» Dataset extract
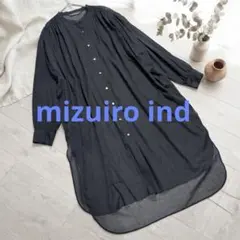 ミズイロインド mizuiroind シアー ワンピース　バンドカラー　ブラック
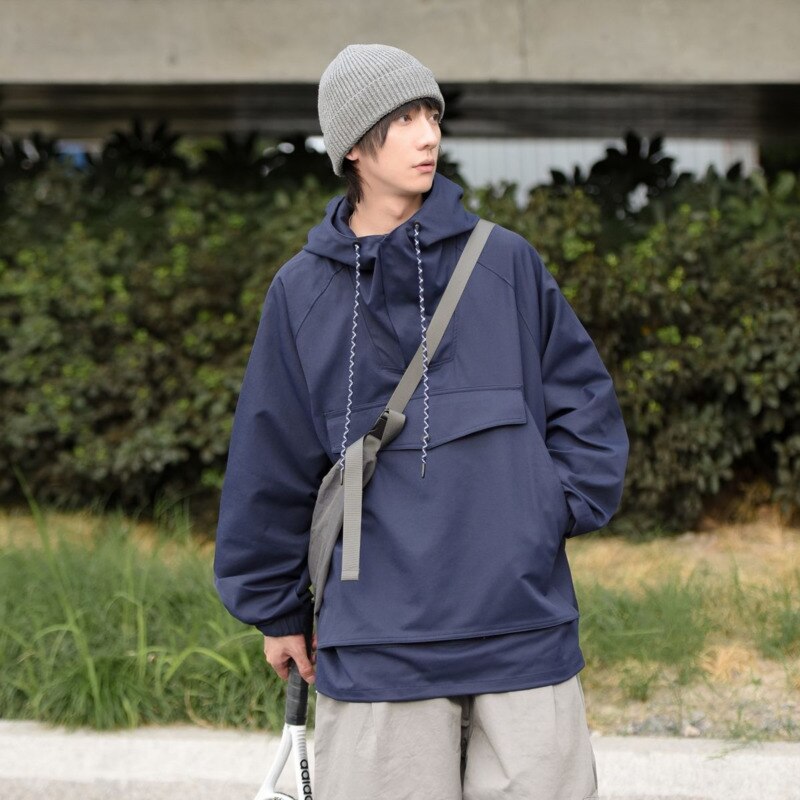Bonsir Autumn Pullover Jacket Men Fashion Casual Big Pocket Hooded Jackets Mens Japanese Streetwear Hip Hop Loose Bomber Jacket Men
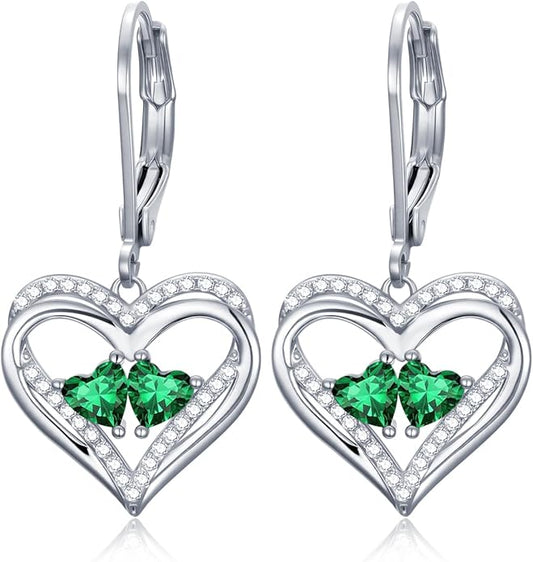 Heart Leverback Earrings Double Birthstone Dangle Earrings for Women, Love Jewelry for Her, Christmas Gifts for Women, Anniversary Birthday Gift for Mom Wife Girlfriend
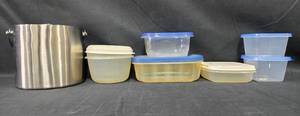 lot 148 image: Stainless Steel Ice Bucket with Assorted Plastic Storage Containers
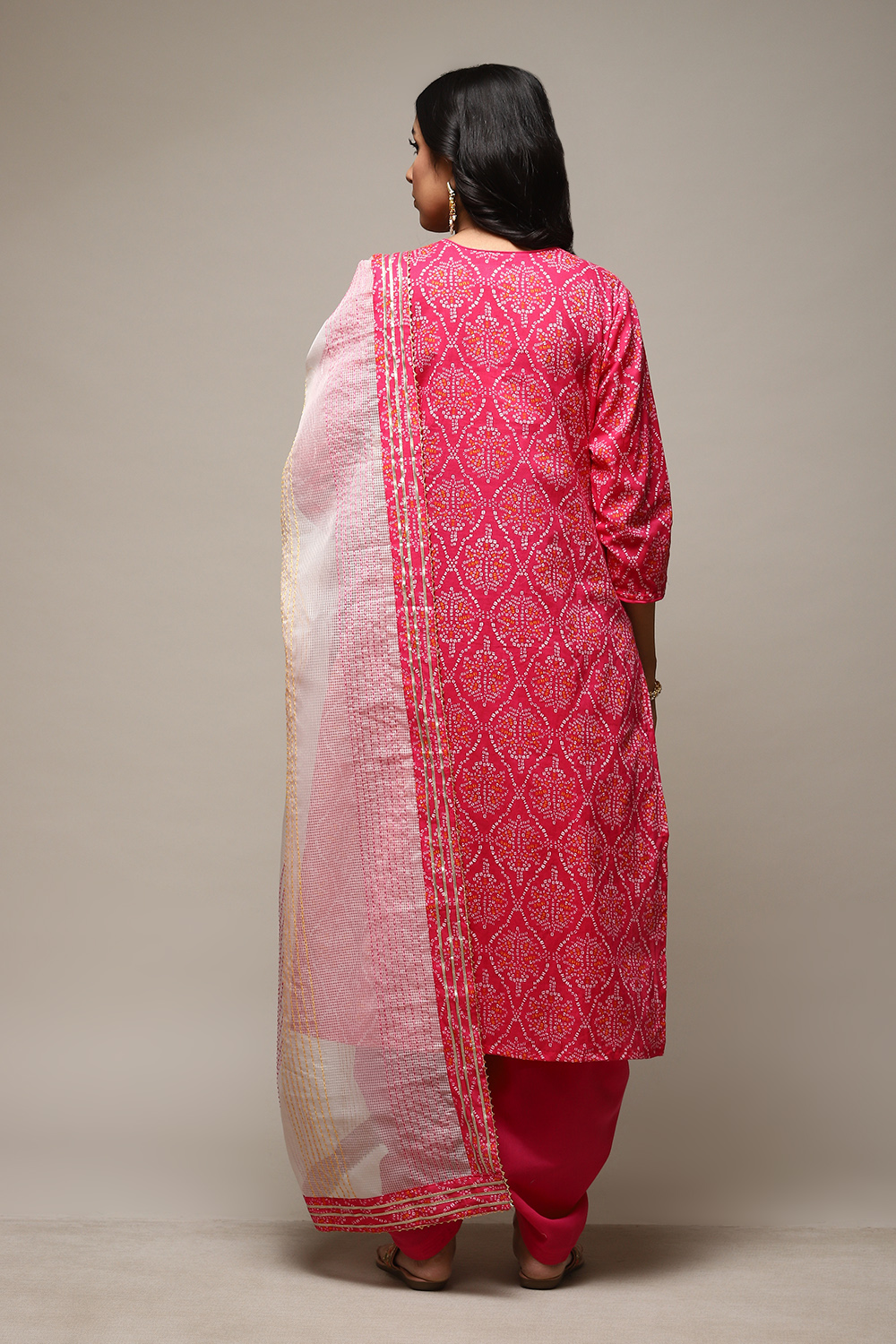Pink Cotton Hand Block Print Unstitched Suit Set image number 5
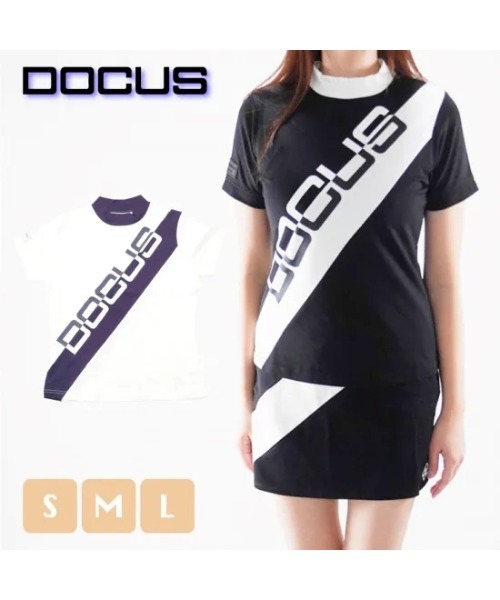 ゴルフ DOCUS（ドゥーカス）レディース ダイアゴナルロゴ モックネック 半袖 シャツ レディース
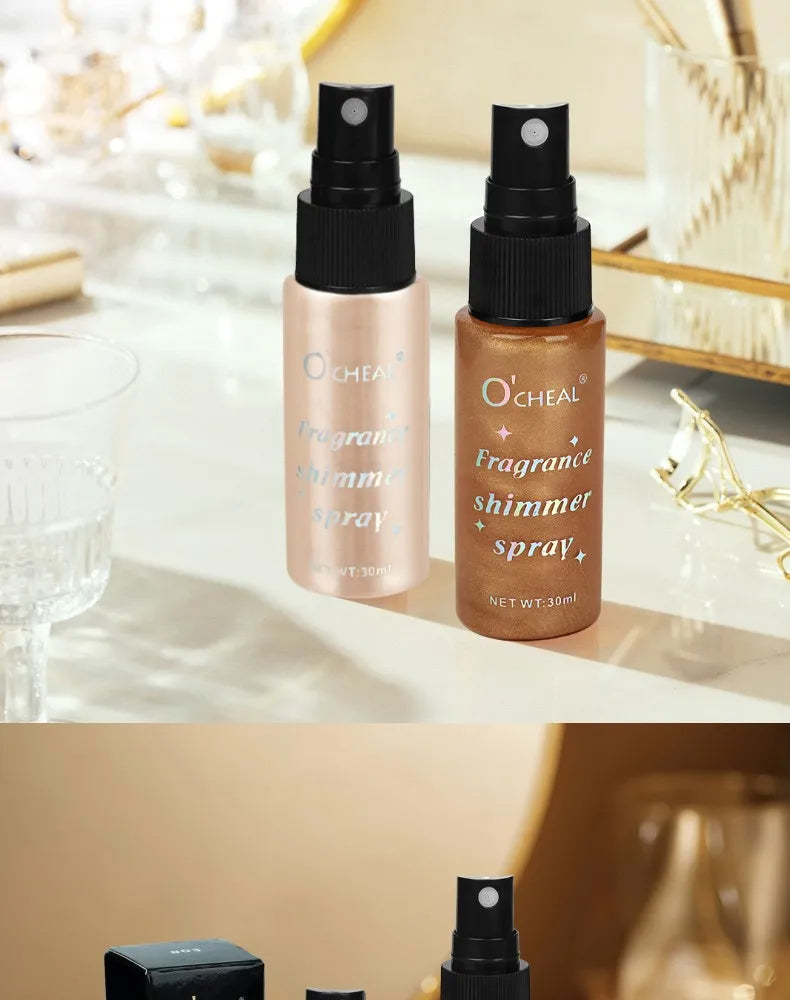 Ocheal 30ml Fragrance Shimmer Glitter Spray Shining Brightly Highlighter Powder Spray Long Lasting Body Hair Hand Neck Clothes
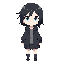 an ordinary subject dressed in black and white, with black hair and blue eyes, with white skin and a medium-large height.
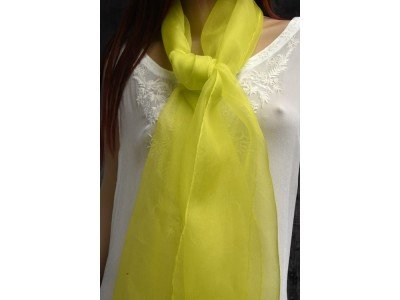 Elegante organza zijden sjaal,citron, citroengeel.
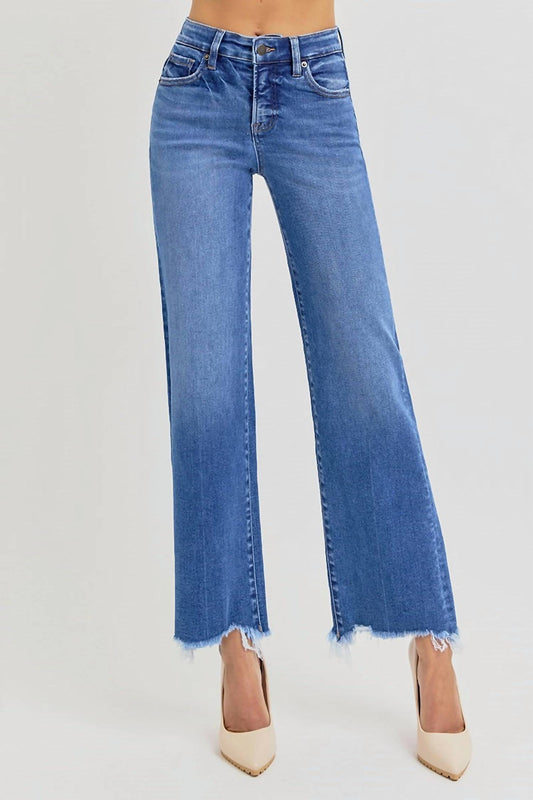 Risen - High Rise Frayed Hem Straight Ankle Jean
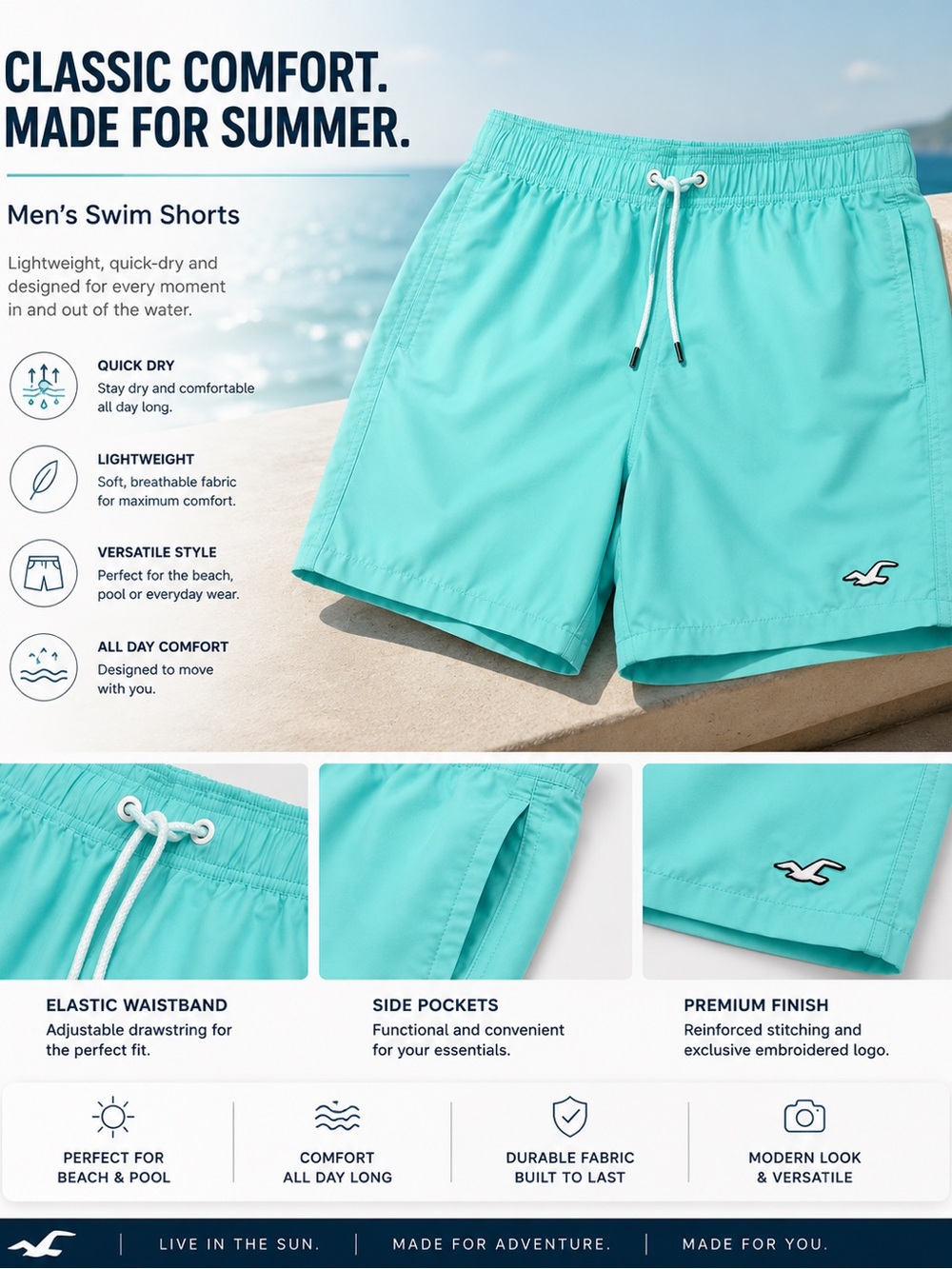 Hollister Men's Swim shorts / swim trunks  -  Large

» Work instruction
Retype word for word the span of lines above that begins with the line containing "Risen - High" and ends with the last line of the records; skip all pictures.

» Solution for this task
 Risen - High Rise Frayed Hem Straight Ankle Jean
 Hollister Men's Swim shorts / swim trunks  -  Large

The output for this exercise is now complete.